____ Data for the task
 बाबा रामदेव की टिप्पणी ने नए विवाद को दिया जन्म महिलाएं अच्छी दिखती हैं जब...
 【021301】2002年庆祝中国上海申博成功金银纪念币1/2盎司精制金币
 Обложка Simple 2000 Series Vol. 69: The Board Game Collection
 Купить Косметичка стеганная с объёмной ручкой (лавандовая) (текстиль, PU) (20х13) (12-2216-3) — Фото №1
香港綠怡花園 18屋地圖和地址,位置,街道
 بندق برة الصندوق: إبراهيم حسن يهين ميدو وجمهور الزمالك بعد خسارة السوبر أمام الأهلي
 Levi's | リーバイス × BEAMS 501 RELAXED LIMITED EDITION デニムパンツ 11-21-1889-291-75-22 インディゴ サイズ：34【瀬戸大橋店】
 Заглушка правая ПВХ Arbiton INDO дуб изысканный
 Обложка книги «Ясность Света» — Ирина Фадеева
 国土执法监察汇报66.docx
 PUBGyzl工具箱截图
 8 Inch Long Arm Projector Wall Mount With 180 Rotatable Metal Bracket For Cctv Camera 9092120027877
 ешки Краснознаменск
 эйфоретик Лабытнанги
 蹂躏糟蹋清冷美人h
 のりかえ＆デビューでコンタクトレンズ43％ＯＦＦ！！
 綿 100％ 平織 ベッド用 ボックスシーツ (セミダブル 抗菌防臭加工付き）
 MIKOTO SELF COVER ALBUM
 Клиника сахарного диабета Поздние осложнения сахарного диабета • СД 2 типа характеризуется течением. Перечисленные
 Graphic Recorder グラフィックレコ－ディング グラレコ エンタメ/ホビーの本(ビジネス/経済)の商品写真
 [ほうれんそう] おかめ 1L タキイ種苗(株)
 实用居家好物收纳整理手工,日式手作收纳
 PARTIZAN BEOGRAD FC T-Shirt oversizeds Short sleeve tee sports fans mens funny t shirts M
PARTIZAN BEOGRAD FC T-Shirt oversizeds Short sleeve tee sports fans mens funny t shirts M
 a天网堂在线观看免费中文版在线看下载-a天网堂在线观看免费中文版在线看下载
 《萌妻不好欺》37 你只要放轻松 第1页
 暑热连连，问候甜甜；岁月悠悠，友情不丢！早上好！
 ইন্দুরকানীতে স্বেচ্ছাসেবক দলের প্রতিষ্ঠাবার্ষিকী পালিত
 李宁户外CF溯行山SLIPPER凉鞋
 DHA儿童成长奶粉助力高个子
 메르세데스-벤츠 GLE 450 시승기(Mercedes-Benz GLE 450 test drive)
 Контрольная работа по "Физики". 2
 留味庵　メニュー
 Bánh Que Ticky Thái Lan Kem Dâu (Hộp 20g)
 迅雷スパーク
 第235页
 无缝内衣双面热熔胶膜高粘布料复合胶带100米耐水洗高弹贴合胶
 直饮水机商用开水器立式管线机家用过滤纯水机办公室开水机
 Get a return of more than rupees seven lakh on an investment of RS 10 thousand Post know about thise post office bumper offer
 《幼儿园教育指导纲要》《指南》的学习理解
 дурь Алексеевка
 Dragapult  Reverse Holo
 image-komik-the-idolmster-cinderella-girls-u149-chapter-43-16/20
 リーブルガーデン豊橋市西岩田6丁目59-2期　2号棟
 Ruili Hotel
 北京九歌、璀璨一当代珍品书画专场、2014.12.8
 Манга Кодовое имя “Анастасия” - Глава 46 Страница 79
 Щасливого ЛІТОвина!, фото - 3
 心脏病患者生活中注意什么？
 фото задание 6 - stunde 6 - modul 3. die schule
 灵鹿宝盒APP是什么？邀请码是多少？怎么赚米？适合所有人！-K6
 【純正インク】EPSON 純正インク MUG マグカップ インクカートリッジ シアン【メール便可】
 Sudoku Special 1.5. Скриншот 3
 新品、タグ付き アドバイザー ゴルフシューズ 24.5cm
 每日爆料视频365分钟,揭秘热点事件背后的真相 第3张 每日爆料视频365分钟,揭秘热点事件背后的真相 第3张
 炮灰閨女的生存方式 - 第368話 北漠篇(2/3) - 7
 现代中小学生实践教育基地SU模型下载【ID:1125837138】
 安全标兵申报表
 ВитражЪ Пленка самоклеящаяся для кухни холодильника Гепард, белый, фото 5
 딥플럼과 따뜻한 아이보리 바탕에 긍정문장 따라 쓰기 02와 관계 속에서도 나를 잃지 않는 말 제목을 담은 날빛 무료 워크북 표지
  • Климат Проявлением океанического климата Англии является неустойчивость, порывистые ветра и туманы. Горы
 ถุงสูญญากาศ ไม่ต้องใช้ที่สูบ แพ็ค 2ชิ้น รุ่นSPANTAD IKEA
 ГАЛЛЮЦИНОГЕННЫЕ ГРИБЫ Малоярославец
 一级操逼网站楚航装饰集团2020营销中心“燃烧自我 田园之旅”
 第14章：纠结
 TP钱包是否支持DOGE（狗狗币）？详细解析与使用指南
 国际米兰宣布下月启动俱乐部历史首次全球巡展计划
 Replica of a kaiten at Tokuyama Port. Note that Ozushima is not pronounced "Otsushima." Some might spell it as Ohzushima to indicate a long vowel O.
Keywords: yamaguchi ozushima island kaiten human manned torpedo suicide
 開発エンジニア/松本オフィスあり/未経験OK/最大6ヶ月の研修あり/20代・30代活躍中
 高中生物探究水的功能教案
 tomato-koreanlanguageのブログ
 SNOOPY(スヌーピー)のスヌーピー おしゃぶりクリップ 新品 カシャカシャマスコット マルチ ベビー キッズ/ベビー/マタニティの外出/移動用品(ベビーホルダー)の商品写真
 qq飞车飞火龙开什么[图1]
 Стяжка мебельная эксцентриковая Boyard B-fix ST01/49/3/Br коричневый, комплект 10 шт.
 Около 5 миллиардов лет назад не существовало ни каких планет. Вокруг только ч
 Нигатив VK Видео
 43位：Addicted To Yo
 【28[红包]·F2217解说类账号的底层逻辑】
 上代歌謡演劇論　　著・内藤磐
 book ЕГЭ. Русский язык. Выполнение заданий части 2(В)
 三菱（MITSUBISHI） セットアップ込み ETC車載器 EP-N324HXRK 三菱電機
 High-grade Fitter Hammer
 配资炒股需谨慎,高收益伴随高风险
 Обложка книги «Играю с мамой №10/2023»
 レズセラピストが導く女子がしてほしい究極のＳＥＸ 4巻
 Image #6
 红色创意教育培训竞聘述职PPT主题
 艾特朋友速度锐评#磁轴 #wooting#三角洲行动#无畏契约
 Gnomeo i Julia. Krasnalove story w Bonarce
________
## Problem details
Having looked over the entries above, reproduce all of them exactly.

## Response
 बाबा रामदेव की टिप्पणी ने नए विवाद को दिया जन्म महिलाएं अच्छी दिखती हैं जब...
 【021301】2002年庆祝中国上海申博成功金银纪念币1/2盎司精制金币
 Обложка Simple 2000 Series Vol. 69: The Board Game Collection
 Купить Косметичка стеганная с объёмной ручкой (лавандовая) (текстиль, PU) (20х13) (12-2216-3) — Фото №1
香港綠怡花園 18屋地圖和地址,位置,街道
 بندق برة الصندوق: إبراهيم حسن يهين ميدو وجمهور الزمالك بعد خسارة السوبر أمام الأهلي
 Levi's | リーバイス × BEAMS 501 RELAXED LIMITED EDITION デニムパンツ 11-21-1889-291-75-22 インディゴ サイズ：34【瀬戸大橋店】
 Заглушка правая ПВХ Arbiton INDO дуб изысканный
 Обложка книги «Ясность Света» — Ирина Фадеева
 国土执法监察汇报66.docx
 PUBGyzl工具箱截图
 8 Inch Long Arm Projector Wall Mount With 180 Rotatable Metal Bracket For Cctv Camera 9092120027877
 ешки Краснознаменск
 эйфоретик Лабытнанги
 蹂躏糟蹋清冷美人h
 のりかえ＆デビューでコンタクトレンズ43％ＯＦＦ！！
 綿 100％ 平織 ベッド用 ボックスシーツ (セミダブル 抗菌防臭加工付き）
 MIKOTO SELF COVER ALBUM
 Клиника сахарного диабета Поздние осложнения сахарного диабета • СД 2 типа характеризуется течением. Перечисленные
 Graphic Recorder グラフィックレコ－ディング グラレコ エンタメ/ホビーの本(ビジネス/経済)の商品写真
 [ほうれんそう] おかめ 1L タキイ種苗(株)
 实用居家好物收纳整理手工,日式手作收纳
 PARTIZAN BEOGRAD FC T-Shirt oversizeds Short sleeve tee sports fans mens funny t shirts M
PARTIZAN BEOGRAD FC T-Shirt oversizeds Short sleeve tee sports fans mens funny t shirts M
 a天网堂在线观看免费中文版在线看下载-a天网堂在线观看免费中文版在线看下载
 《萌妻不好欺》37 你只要放轻松 第1页
 暑热连连，问候甜甜；岁月悠悠，友情不丢！早上好！
 ইন্দুরকানীতে স্বেচ্ছাসেবক দলের প্রতিষ্ঠাবার্ষিকী পালিত
 李宁户外CF溯行山SLIPPER凉鞋
 DHA儿童成长奶粉助力高个子
 메르세데스-벤츠 GLE 450 시승기(Mercedes-Benz GLE 450 test drive)
 Контрольная работа по "Физики". 2
 留味庵　メニュー
 Bánh Que Ticky Thái Lan Kem Dâu (Hộp 20g)
 迅雷スパーク
 第235页
 无缝内衣双面热熔胶膜高粘布料复合胶带100米耐水洗高弹贴合胶
 直饮水机商用开水器立式管线机家用过滤纯水机办公室开水机
 Get a return of more than rupees seven lakh on an investment of RS 10 thousand Post know about thise post office bumper offer
 《幼儿园教育指导纲要》《指南》的学习理解
 дурь Алексеевка
 Dragapult  Reverse Holo
 image-komik-the-idolmster-cinderella-girls-u149-chapter-43-16/20
 リーブルガーデン豊橋市西岩田6丁目59-2期　2号棟
 Ruili Hotel
 北京九歌、璀璨一当代珍品书画专场、2014.12.8
 Манга Кодовое имя “Анастасия” - Глава 46 Страница 79
 Щасливого ЛІТОвина!, фото - 3
 心脏病患者生活中注意什么？
 фото задание 6 - stunde 6 - modul 3. die schule
 灵鹿宝盒APP是什么？邀请码是多少？怎么赚米？适合所有人！-K6
 【純正インク】EPSON 純正インク MUG マグカップ インクカートリッジ シアン【メール便可】
 Sudoku Special 1.5. Скриншот 3
 新品、タグ付き アドバイザー ゴルフシューズ 24.5cm
 每日爆料视频365分钟,揭秘热点事件背后的真相 第3张 每日爆料视频365分钟,揭秘热点事件背后的真相 第3张
 炮灰閨女的生存方式 - 第368話 北漠篇(2/3) - 7
 现代中小学生实践教育基地SU模型下载【ID:1125837138】
 安全标兵申报表
 ВитражЪ Пленка самоклеящаяся для кухни холодильника Гепард, белый, фото 5
 딥플럼과 따뜻한 아이보리 바탕에 긍정문장 따라 쓰기 02와 관계 속에서도 나를 잃지 않는 말 제목을 담은 날빛 무료 워크북 표지
  • Климат Проявлением океанического климата Англии является неустойчивость, порывистые ветра и туманы. Горы
 ถุงสูญญากาศ ไม่ต้องใช้ที่สูบ แพ็ค 2ชิ้น รุ่นSPANTAD IKEA
 ГАЛЛЮЦИНОГЕННЫЕ ГРИБЫ Малоярославец
 一级操逼网站楚航装饰集团2020营销中心“燃烧自我 田园之旅”
 第14章：纠结
 TP钱包是否支持DOGE（狗狗币）？详细解析与使用指南
 国际米兰宣布下月启动俱乐部历史首次全球巡展计划
 Replica of a kaiten at Tokuyama Port. Note that Ozushima is not pronounced "Otsushima." Some might spell it as Ohzushima to indicate a long vowel O.
Keywords: yamaguchi ozushima island kaiten human manned torpedo suicide
 開発エンジニア/松本オフィスあり/未経験OK/最大6ヶ月の研修あり/20代・30代活躍中
 高中生物探究水的功能教案
 tomato-koreanlanguageのブログ
 SNOOPY(スヌーピー)のスヌーピー おしゃぶりクリップ 新品 カシャカシャマスコット マルチ ベビー キッズ/ベビー/マタニティの外出/移動用品(ベビーホルダー)の商品写真
 qq飞车飞火龙开什么[图1]
 Стяжка мебельная эксцентриковая Boyard B-fix ST01/49/3/Br коричневый, комплект 10 шт.
 Около 5 миллиардов лет назад не существовало ни каких планет. Вокруг только ч
 Нигатив VK Видео
 43位：Addicted To Yo
 【28[红包]·F2217解说类账号的底层逻辑】
 上代歌謡演劇論　　著・内藤磐
 book ЕГЭ. Русский язык. Выполнение заданий части 2(В)
 三菱（MITSUBISHI） セットアップ込み ETC車載器 EP-N324HXRK 三菱電機
 High-grade Fitter Hammer
 配资炒股需谨慎,高收益伴随高风险
 Обложка книги «Играю с мамой №10/2023»
 レズセラピストが導く女子がしてほしい究極のＳＥＸ 4巻
 Image #6
 红色创意教育培训竞聘述职PPT主题
 艾特朋友速度锐评#磁轴 #wooting#三角洲行动#无畏契约
 Gnomeo i Julia. Krasnalove story w Bonarce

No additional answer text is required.